STORED DATA:
■ ■ ■ ■ ■ ■ ■

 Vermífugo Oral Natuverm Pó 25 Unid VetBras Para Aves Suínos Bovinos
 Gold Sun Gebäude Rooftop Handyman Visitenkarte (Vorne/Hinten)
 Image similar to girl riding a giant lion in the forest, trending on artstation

■ ■ ■ ■ ■ ■ ■

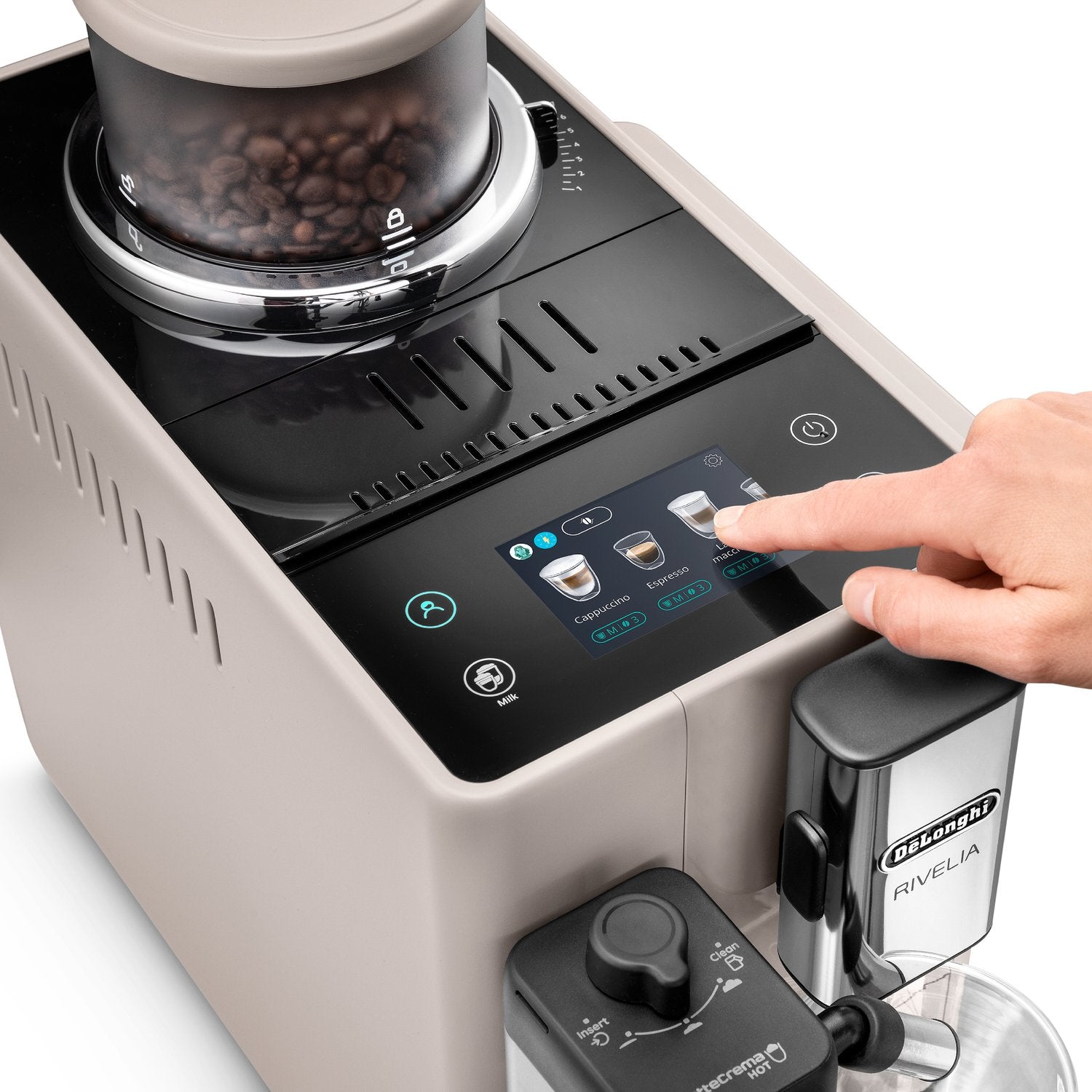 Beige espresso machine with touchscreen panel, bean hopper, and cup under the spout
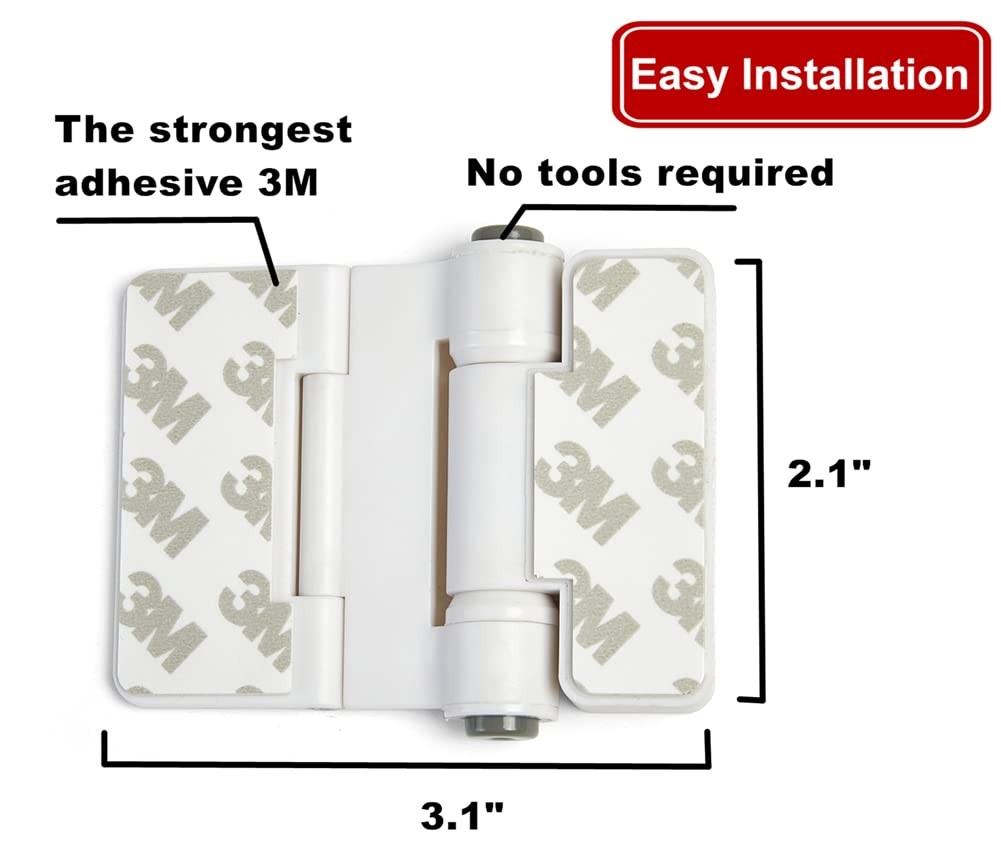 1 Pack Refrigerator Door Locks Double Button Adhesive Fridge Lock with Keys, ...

■ ■ ■ ■ ■ ■ ■

EXERCISE REQUIREMENTS: Set down exactly the lines of the data above, beginning with the line that has "Gold Sun Gebäude" and ending with the line that has "Image similar to", and no others.

FINISHED TASK:
 Gold Sun Gebäude Rooftop Handyman Visitenkarte (Vorne/Hinten)
 Image similar to girl riding a giant lion in the forest, trending on artstation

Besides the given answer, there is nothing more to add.